Scientists have made a significant breakthrough in understanding how a brain enzyme known as OTULIN regulates the expression of tau, a protein linked to the formation of toxic tangles in Alzheimer’s disease. This pivotal discovery, published in the journal Genomic Psychiatry, reveals that OTULIN not only participates in protein degradation pathways but also serves as a critical regulator of gene expression and RNA metabolism.
The research team, led by Dr. Kiran Bhaskar from the University of New Mexico Health Sciences Center and Dr. Francesca-Fang Liao from the University of Tennessee Health Science Center, stumbled upon this unexpected role while exploring how neurons eliminate abnormal tau aggregates. Their findings could pave the way for new therapeutic strategies aimed at treating Alzheimer’s and related dementias that affect millions globally.

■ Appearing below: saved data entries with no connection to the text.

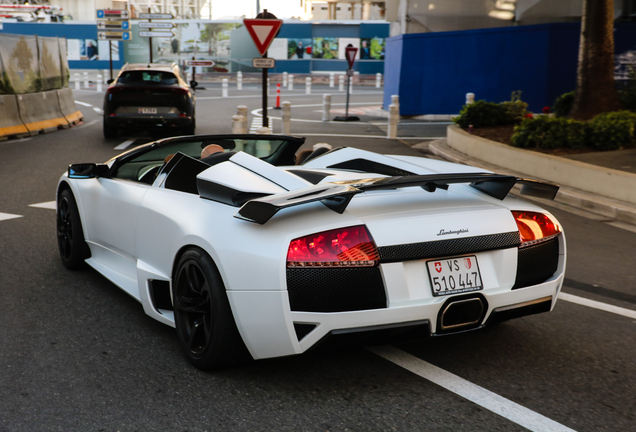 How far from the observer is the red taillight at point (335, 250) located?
124 inches

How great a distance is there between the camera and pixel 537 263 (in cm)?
362

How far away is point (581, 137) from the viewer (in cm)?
1143

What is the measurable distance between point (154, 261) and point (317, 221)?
51.2 inches

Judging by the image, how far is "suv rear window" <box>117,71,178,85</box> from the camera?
52.5 feet

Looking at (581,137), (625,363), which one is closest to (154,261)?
(625,363)

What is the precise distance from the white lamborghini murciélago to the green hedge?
8.09 meters

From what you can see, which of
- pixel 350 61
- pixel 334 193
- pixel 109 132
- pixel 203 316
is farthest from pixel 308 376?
pixel 350 61

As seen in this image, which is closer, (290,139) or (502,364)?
(502,364)

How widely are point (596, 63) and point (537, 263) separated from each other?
1109 cm

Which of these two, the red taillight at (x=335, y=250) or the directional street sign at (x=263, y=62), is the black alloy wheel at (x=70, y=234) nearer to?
the red taillight at (x=335, y=250)

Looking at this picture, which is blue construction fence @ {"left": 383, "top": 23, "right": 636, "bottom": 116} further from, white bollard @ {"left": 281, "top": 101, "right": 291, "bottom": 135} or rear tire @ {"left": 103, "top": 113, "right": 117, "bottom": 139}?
rear tire @ {"left": 103, "top": 113, "right": 117, "bottom": 139}

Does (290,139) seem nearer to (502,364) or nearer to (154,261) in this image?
(154,261)

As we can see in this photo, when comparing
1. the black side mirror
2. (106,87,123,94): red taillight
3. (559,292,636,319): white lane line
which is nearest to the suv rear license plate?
(559,292,636,319): white lane line

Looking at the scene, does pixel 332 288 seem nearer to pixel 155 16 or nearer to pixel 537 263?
pixel 537 263
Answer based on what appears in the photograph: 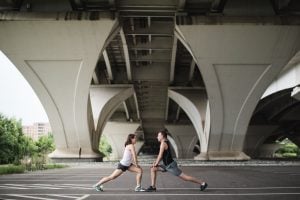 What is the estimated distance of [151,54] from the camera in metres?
32.8

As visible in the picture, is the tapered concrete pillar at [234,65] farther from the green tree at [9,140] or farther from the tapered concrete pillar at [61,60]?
the green tree at [9,140]

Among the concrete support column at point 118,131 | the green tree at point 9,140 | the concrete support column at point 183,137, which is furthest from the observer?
the concrete support column at point 183,137

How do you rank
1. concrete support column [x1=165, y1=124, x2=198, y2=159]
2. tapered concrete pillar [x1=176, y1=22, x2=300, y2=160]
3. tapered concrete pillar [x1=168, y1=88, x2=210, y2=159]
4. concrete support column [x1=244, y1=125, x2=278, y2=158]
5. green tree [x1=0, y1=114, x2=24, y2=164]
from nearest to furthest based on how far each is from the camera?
tapered concrete pillar [x1=176, y1=22, x2=300, y2=160] < tapered concrete pillar [x1=168, y1=88, x2=210, y2=159] < green tree [x1=0, y1=114, x2=24, y2=164] < concrete support column [x1=244, y1=125, x2=278, y2=158] < concrete support column [x1=165, y1=124, x2=198, y2=159]

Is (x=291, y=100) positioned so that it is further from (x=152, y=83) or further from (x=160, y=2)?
(x=160, y=2)

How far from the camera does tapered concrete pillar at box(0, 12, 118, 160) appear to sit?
2223 cm

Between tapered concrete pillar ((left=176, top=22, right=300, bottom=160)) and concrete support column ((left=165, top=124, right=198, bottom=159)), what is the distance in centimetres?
3213

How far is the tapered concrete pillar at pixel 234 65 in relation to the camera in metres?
22.7

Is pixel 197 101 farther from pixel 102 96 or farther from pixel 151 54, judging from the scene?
pixel 102 96

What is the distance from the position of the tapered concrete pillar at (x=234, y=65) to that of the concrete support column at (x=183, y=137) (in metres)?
32.1

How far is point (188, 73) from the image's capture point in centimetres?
3778

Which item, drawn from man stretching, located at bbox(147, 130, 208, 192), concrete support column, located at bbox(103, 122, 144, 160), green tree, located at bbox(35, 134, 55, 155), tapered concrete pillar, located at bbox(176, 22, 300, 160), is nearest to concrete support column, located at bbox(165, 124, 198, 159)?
concrete support column, located at bbox(103, 122, 144, 160)

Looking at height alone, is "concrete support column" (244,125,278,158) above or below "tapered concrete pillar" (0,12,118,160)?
below

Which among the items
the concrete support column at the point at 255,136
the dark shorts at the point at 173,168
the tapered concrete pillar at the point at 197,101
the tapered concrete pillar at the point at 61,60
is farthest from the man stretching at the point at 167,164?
the concrete support column at the point at 255,136

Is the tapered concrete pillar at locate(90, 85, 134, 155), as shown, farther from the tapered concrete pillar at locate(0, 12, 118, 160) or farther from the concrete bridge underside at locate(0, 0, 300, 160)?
the tapered concrete pillar at locate(0, 12, 118, 160) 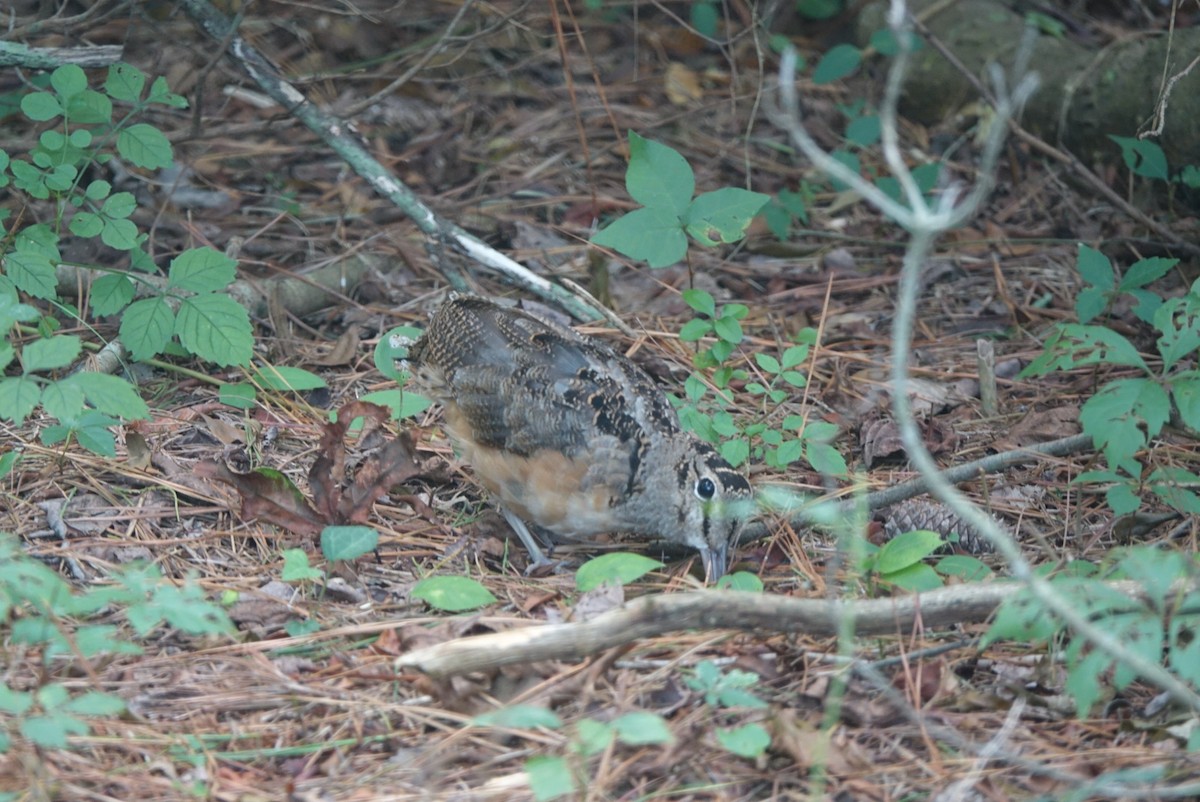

Unexpected Findings Shift Understanding of Tau Production
Initially, the researchers aimed to determine if stabilizing a specific type of ubiquitin chain would help neurons clear toxic tau. Instead, they discovered that knocking out the OTULIN gene led to a complete absence of tau—not due to enhanced degradation, but because the protein was not produced at all. “This was a paradigm shift in our thinking,” remarked Dr. Liao. The study found that OTULIN deficiency resulted in the disappearance of tau mRNA, significantly altering how cells process RNA and regulate gene expression.
The team utilized neurons derived from a patient with late-onset sporadic Alzheimer’s disease. These neurons exhibited elevated levels of both OTULIN protein and phosphorylated tau compared to healthy controls, indicating a potential role for OTULIN in disease progression. Comprehensive RNA sequencing revealed that when OTULIN was removed from neuroblastoma cells, more than 13,000 genes were downregulated, while approximately 774 genes were upregulated. The number of affected RNA transcripts was even higher, with over 43,000 downregulated and 1,113 upregulated.
Therapeutic Potential of OTULIN Inhibition
Further analysis indicated that pharmacological inhibition of OTULIN’s enzymatic activity using a novel small molecule inhibitor, UC495, led to a reduction in phosphorylated tau levels in Alzheimer’s neurons. This suggests that targeted therapeutic strategies could benefit patients without fully eliminating OTULIN’s gene activity. “We need to modulate its activity carefully rather than eliminate it completely,” Dr. Bhaskar emphasized, noting that the complete loss of OTULIN caused widespread changes in cellular RNA metabolism.
The research also highlighted that OTULIN deficiency reduces autoinflammation in neurons by downregulating components of inflammatory pathways. This finding adds another layer of understanding to how cells manage protein quality control alongside inflammatory responses.
The implications of this research extend beyond Alzheimer’s disease. It uncovers fundamental mechanisms of RNA metabolism regulation in neurons. The researchers noted an increase in transcriptional repressors such as YY1 and SP3 in OTULIN-deficient cells, along with alterations in RNA-binding ubiquitin ligases that influence mRNA stability. “We’re essentially looking at a previously unknown checkpoint in gene expression,” Dr. Liao explained, indicating that OTULIN may significantly influence gene expression and the longevity of RNA messages within cells.
The study utilized advanced techniques, including CRISPR-Cas9 gene editing and comprehensive bulk RNA sequencing, ensuring the findings are relevant to human diseases. The team plans to further explore how OTULIN affects gene expression and RNA metabolism at the molecular level, as well as whether fine-tuned OTULIN inhibition can mitigate tau pathology in animal models of Alzheimer’s disease.
“This discovery opens up an entirely new research direction,” concluded Dr. Bhaskar, highlighting the potential of OTULIN as a therapeutic target. The ongoing investigation aims to clarify the relationship between OTULIN long noncoding RNA and its reduced levels in Alzheimer’s neurons, which could have implications for restoring normal OTULIN protein expression and mitigating tau pathology.